Back in the day, HTC was one of the biggest and best Android manufacturers out there. It made a number of the most important Android handsets in the early days, including the very first -- the T-Mobile G1 -- as well as Google's Nexus One. In recent years, however, Samsung took over the market with its Galaxy series; as such, HTC has been losing money and struggling for relevance. Given those struggles, it looks like HTC is investigating a major shakeup. Bloomberg is reporting that the company is investigating a sale of some kind.
It could sell off its Vive VR hardware business, which is probably the most successful and valuable part of the company these days. This would follow a move made last year when control of the Vive business was put in the hands of a wholly-owned subsidiary company. Another option being considered is a full sale of the entire company, which would include both the smartphone and VR businesses. Sources Bloomberg spoke with feel this is less likely because such an sale doesn't fit quite as well with one single buyer.

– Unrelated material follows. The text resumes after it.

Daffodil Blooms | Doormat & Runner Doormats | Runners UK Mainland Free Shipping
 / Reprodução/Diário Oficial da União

This is far from a done deal; no potential buyers were cited nor was any timetable given. But given how difficult it is to make money as an Android device manufacturer, it's not terribly surprising to hear that HTC is figuring out alternatives to just staying the course. That said, HTC has gotten some of its smartphone mojo back in the last few years, at least from a product quality point of view. Both 2016's HTC 10 and this year's U11 are the best phones the company has produced in years and the first that we could really recommend without reservation. HTC also was the manufacturer behind Google's first Pixel phones, a contract that lends the brand some credibility.

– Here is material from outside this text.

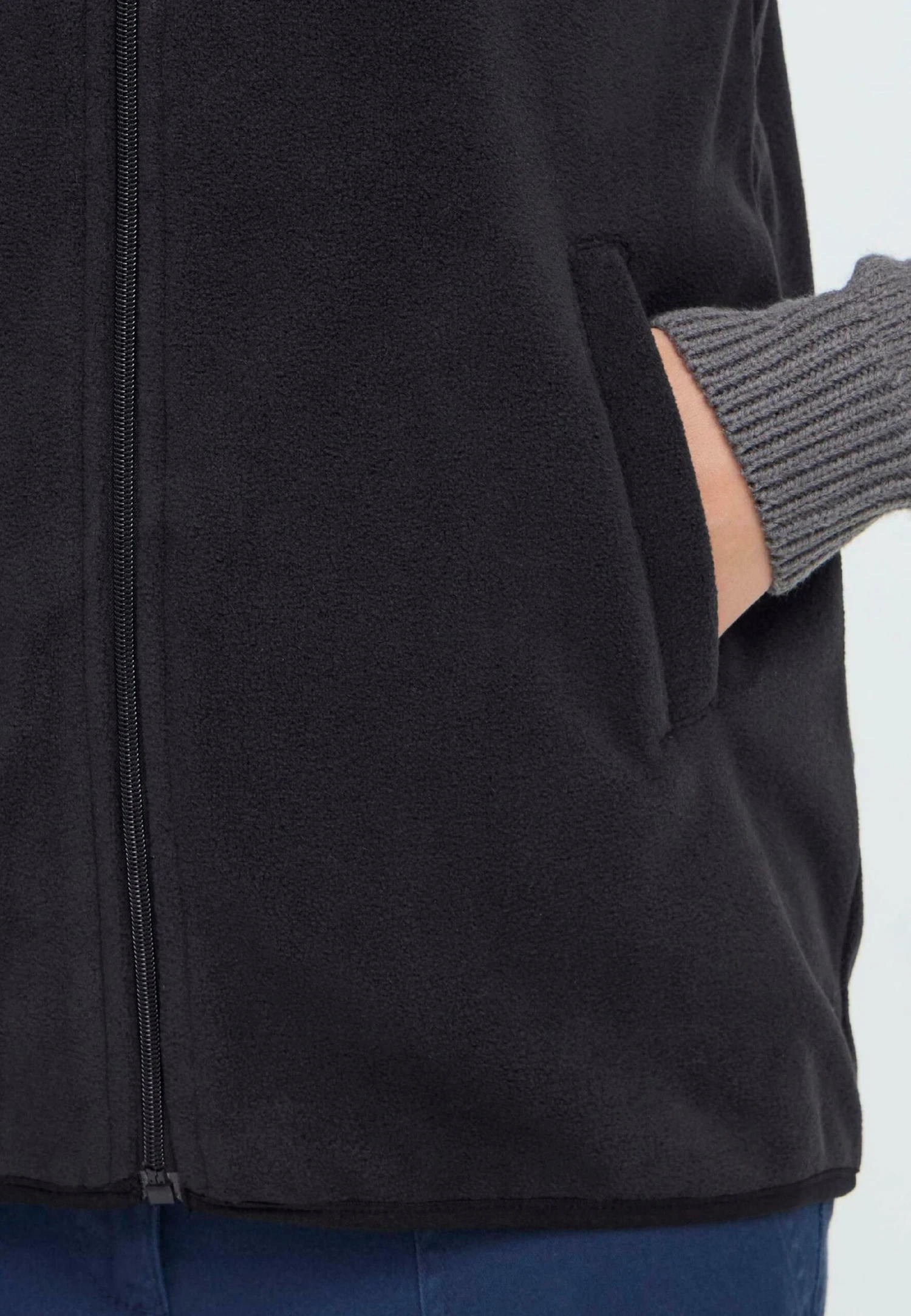 OXMO OXNETE FLEECE - Waistcoat - Black 5 OXMO OXNETE FLEECE - Waistcoat - Black - Image 5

But good hardware doesn't lead to success -- HTC just isn't a household name in the way that Samsung and Apple are, and thus it's been hard for the company to reverse its fortunes. How selling the Vive business -- arguably the only part of HTC that's truly hitting on all cylinders -- would help HTC in the long run remains to be seen. (Besides the cash infusion that would come with that, of course.) We're probably getting ahead of ourselves with all the speculation, as even Bloomberg says nothing may come of this. But it's definitely worth keeping an eye out to see what'll happen to the first Android smartphone manufacturer in the coming months.